Basset hound. Male, 4 years old. Enjoys rolling in the dirt at inopportune times, peeing in dark corners of the house when you’re not looking, and knocking over the trash can. Also has been known to bolt out the front door and run at surprising speed into oncoming traffic. Wipes butt on the carpet. Flicks drool on the television screen. Knocks down little kids with no remorse. Steals off the kitchen counter WHILE YOU’RE LOOKING. Has disturbingly large reproductive organs which he enjoys tongue-bathing. Destroys dog beds and perfectly lovely gardens. Thinks the vacuum cleaner is a real live monster. Steals your spot on the couch when you get up to pee.
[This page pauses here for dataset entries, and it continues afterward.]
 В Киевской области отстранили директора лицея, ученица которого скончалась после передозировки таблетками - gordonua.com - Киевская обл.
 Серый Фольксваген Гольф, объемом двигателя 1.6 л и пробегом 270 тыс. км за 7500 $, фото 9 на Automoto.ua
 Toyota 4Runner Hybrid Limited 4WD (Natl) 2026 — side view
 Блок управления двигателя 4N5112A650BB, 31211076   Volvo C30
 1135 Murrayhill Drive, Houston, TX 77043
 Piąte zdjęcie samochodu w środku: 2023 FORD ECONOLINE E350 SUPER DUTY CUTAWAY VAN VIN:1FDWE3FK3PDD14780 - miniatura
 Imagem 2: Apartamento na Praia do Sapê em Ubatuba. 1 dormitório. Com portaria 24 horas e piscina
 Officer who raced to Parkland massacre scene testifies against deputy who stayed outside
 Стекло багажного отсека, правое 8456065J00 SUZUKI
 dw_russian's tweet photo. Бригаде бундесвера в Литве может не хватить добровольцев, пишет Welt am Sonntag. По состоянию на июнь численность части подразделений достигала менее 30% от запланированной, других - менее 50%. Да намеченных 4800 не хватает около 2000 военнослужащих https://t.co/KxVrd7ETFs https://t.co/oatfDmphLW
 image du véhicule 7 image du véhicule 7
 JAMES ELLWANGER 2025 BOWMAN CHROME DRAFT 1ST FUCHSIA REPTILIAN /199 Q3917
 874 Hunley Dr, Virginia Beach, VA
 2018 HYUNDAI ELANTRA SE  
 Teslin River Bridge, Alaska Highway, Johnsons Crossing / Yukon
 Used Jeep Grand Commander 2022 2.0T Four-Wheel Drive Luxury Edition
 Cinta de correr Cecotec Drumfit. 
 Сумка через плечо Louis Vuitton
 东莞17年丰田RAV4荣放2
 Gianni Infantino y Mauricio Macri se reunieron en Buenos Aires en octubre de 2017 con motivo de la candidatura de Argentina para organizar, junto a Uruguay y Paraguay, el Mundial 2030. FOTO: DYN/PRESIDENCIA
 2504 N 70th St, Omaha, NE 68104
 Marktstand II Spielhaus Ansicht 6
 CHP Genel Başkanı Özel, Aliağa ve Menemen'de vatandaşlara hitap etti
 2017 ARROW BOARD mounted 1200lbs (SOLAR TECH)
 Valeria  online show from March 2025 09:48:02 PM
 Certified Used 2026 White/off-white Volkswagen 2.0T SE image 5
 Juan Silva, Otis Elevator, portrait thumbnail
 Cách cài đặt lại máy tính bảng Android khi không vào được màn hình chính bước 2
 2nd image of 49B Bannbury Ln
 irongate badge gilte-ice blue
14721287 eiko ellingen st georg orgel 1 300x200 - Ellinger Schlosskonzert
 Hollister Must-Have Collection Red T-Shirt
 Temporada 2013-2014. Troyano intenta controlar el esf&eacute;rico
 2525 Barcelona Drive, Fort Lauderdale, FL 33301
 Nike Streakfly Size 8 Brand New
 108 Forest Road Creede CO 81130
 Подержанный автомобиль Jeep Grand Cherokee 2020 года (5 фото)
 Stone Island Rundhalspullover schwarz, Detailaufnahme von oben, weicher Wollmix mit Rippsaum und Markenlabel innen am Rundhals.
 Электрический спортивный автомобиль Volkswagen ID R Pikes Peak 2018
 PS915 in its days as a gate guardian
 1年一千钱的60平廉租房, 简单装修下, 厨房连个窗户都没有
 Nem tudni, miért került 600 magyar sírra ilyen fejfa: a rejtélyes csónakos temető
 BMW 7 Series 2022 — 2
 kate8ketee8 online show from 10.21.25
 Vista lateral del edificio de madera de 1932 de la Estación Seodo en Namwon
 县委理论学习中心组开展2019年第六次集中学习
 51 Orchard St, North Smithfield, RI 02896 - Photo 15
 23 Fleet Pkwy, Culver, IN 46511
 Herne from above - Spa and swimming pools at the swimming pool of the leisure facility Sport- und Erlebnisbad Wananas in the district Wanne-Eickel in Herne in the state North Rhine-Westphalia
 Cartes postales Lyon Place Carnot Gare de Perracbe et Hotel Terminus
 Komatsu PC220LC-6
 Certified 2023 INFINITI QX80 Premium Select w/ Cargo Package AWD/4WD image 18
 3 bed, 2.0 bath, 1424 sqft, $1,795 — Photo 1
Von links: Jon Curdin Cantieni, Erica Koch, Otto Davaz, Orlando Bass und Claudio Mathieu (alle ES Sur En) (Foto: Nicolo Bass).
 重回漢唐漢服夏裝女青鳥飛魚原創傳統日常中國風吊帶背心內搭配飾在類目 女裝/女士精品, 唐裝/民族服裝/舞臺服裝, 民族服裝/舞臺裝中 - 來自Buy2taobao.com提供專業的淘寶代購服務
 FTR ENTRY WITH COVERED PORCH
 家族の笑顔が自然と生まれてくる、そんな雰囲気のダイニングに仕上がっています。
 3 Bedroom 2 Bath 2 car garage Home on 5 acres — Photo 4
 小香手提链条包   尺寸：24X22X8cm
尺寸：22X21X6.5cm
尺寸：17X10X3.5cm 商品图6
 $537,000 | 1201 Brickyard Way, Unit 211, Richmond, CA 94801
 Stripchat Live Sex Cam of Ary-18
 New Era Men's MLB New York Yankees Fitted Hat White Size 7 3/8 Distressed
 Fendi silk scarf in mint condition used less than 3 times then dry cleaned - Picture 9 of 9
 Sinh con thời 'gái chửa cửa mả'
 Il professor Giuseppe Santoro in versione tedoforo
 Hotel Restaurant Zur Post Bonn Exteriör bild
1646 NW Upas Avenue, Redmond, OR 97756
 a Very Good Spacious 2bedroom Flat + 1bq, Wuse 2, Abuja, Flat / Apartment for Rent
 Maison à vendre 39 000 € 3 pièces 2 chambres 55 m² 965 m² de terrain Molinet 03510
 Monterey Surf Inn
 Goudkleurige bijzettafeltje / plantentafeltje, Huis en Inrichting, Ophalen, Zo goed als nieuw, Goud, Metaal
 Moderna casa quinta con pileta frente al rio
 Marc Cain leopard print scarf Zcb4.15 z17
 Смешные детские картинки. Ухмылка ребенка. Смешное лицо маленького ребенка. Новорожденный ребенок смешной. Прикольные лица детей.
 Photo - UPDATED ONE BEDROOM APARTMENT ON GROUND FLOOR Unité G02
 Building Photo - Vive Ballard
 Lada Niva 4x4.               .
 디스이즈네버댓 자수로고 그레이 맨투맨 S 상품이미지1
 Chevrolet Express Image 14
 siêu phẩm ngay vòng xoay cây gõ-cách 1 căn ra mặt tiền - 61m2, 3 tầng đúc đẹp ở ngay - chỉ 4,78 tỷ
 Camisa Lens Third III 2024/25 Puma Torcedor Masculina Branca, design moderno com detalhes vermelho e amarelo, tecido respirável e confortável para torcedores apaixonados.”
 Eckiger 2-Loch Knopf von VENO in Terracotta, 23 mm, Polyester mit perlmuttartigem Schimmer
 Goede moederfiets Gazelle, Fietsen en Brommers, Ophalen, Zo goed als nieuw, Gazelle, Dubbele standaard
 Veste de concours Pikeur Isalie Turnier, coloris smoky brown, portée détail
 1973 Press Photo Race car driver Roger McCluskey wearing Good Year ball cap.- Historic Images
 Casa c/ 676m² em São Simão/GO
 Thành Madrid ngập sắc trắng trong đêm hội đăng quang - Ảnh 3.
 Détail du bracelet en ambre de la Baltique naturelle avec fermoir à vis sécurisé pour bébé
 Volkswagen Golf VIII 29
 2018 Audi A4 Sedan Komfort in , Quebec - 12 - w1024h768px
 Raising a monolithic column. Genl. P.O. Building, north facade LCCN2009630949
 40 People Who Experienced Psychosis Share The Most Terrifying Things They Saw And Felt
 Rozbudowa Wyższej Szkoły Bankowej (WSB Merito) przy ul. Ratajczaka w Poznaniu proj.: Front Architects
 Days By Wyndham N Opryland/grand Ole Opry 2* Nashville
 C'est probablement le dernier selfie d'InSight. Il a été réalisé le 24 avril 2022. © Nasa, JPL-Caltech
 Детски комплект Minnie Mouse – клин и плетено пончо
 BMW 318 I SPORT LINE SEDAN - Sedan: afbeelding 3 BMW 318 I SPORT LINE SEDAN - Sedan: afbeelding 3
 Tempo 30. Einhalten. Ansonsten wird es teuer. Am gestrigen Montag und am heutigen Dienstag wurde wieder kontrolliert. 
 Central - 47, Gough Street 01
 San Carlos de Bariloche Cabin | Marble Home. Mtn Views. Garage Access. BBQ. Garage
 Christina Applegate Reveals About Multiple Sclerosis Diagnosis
Australian Shepherd mix. Male, 8 years old. Bites groomers and refuses to be home-groomed. Has seizures at inopportune times, including when you’re bathing a dirt-caked basset hound in the bathtub and 3 am. Also has "Raccoon Disorder" in which he will not knock over the trash can but will gladly feast on trash. Has been known to poop on the one 5×8 carpet in an entirely hardwood-floored home. Steals and eats bagels (still in the wrapper), packages of Oreos, and poached chicken breasts when he thinks you’re gone but really you’re just in the garage. When left alone in the house destroys doors and windows because of abandonment complex. Is afraid of brooms and electrical cords of any kind. Kills baby bunnies, baby squirrels, and baby opossums (basically anything cute and relatively helpless). Prefers his Pop to the people who FEED HIM.
Make me an offer. Will accept baked goods, Oreos, or used maternity clothes as a swap.